## [What to produce]
Copy the records below, from the line containing "биоинформатики. Коллектив и руководство" through the last line; leave out pictures.

-- Opening Marker --

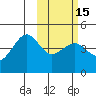 Udamat Bay tide chart for Monday, February 15, 2021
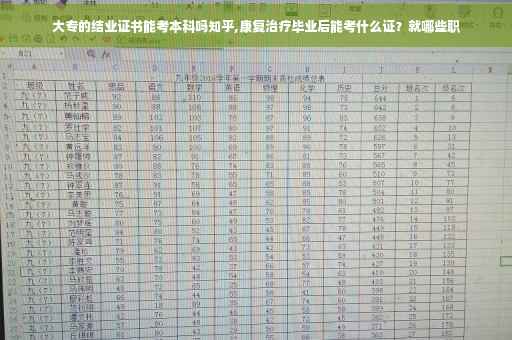 大专的结业证书能考本科吗知乎,康复治疗毕业后能考什么证？就哪些职
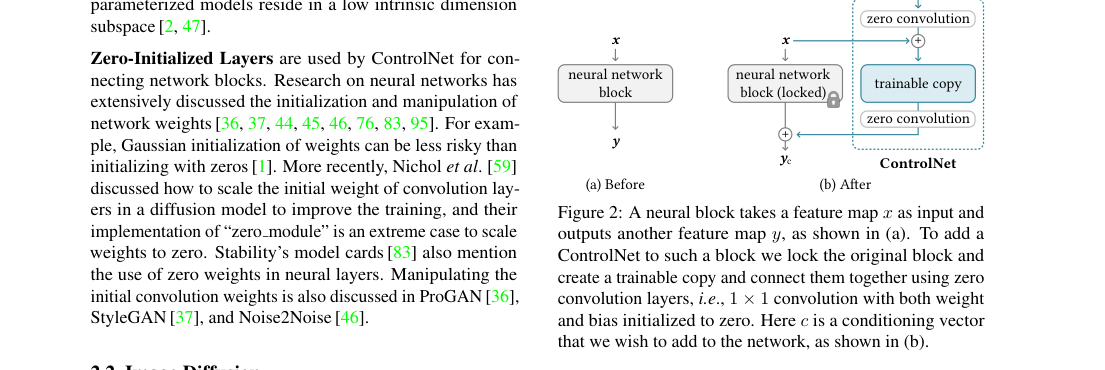 A locked Stable Diffusion block is duplicated into a trainable copy, then reconnected through zero-initialized 1 \times 1 convolutions to inject condition features safely.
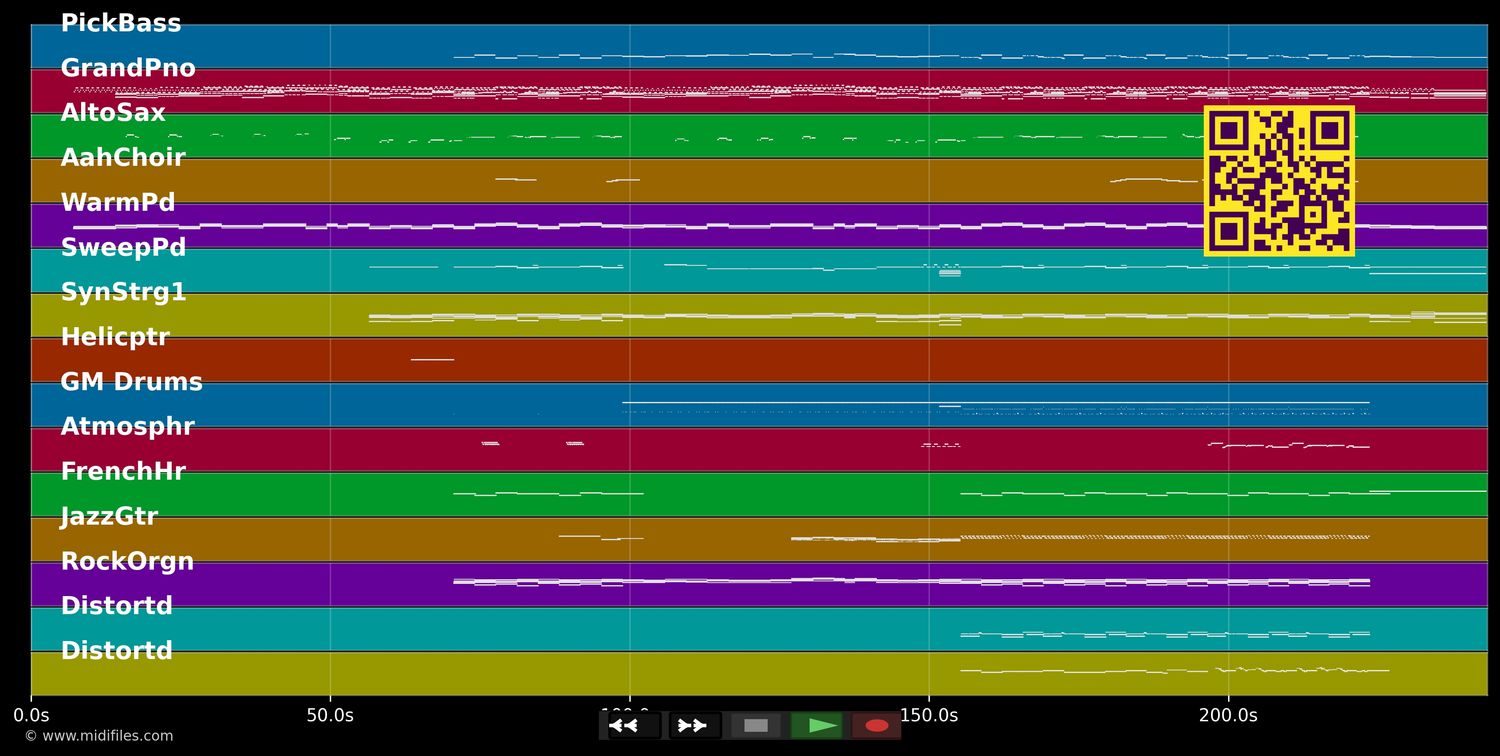 Atlas - Coldplay (MIDI individual tracks)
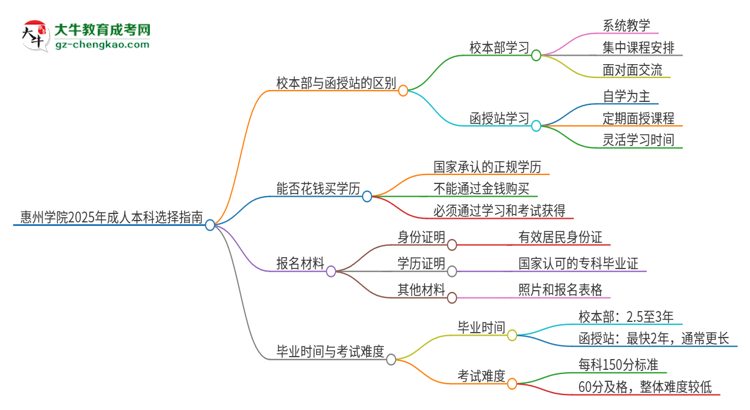 惠州學(xué)院2025年成人本科：校本部與函授站哪個(gè)好？思維導(dǎo)圖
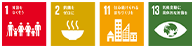 1 貧困をなくそう　2 飢餓をゼロに　11 住み続けられるまちづくりを　13 気候変動に具体的な対策を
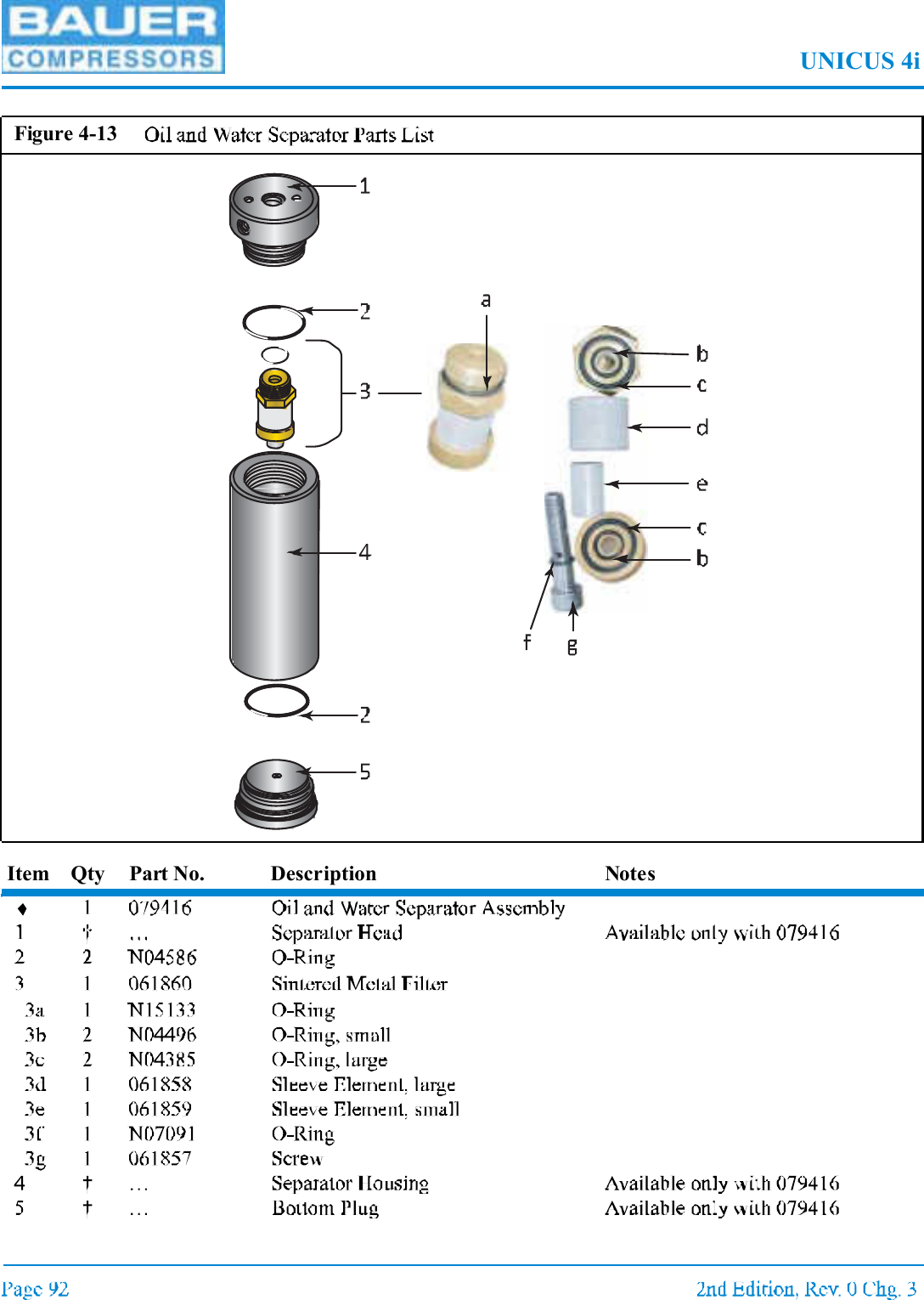 UNICUS 4iItem Qty Part No. Description NotesFigure 4-13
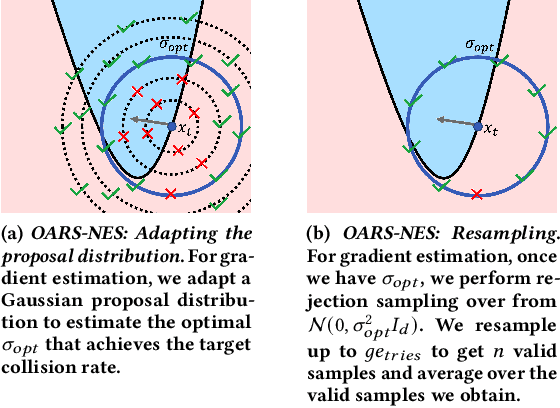 Figure 3 for Investigating Stateful Defenses Against Black-Box Adversarial Examples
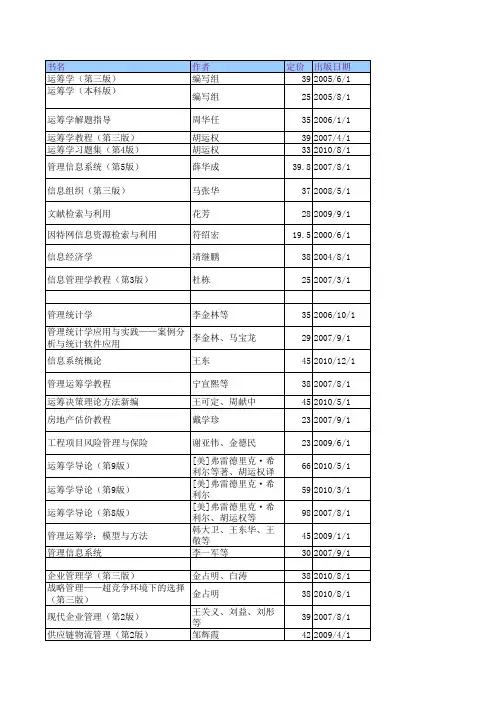 管理科学与工程类教材书目(新排序)
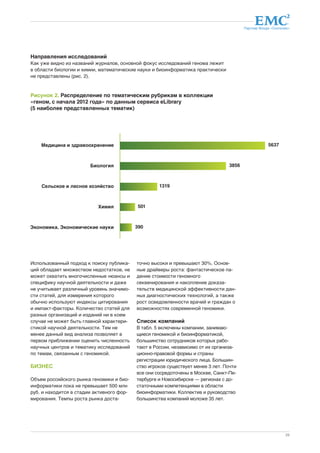 Партнер Фонда «Сколково» 
39 
Направления исследований 
Как уже видно из названий журналов, основной фокус исследований генома лежит 
в области биологии и химии, математические науки и биоинформатика практически 
не представлены (рис. 2). 
Рисунок 2. Распределение по тематическим рубрикам в коллекции 
«геном, с начала 2012 года» по данным сервиса eLibrary 
(5 наиболее представленных тематик) 
Медицина и здравоохранение 
Биология 
Сельское и лесное хозяйство 
Химия 
Экономика. Экономические науки 
5637 
3856 
1319 
501 
390 
Использованный подход к поиску публика- 
ций обладает множеством недостатков, не 
может охватить многочисленные нюансы и 
специфику научной деятельности и даже 
не учитывает различный уровень значимо- 
сти статей, для измерения которого 
обычно используют индексы цитирования 
и импакт-факторы. Количество статей для 
разных организаций и изданий ни в коем 
случае не может быть главной характери- 
стикой научной деятельности. Тем не 
менее данный вид анализа позволяет в 
первом приближении оценить численность 
научных центров и тематику исследований 
по темам, связанным с геномикой. 
БИЗНЕС 
Объем российского рынка геномики и био- 
информатики пока не превышает 500 млн 
руб. и находится в стадии активного фор- 
мирования. Темпы роста рынка доста- 
точно высоки и превышают 30%. Основ- 
ные драйверы роста: фантастическое па- 
дение стоимости геномного 
секвенирования и накопление доказа- 
тельств медицинской эффективности дан- 
ных диагностических технологий, а также 
рост осведомленности врачей и граждан о 
возможностях современной геномики. 
Список компаний 
В табл. 5 включены компании, занимаю- 
щиеся геномикой и биоинформатикой, 
большинство сотрудников которых рабо- 
тают в России, независимо от их организа- 
ционно-правовой формы и страны 
регистрации юридического лица. Большин- 
ство игроков существует менее 3 лет. Почти 
все они сосредоточены в Москве, Санкт-Пе- 
тербурге и Новосибирске — регионах с до- 
статочными компетенциями в области 
биоинформатики. Коллектив и руководство 
большинства компаний моложе 35 лет. 
 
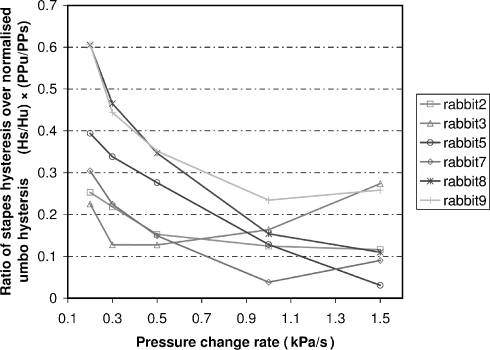 Fig. 9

-- Closing Marker --

## [Your solution]
биоинформатики. Коллектив и руководство 
большинства компаний моложе 35 лет. 
 
 Fig. 9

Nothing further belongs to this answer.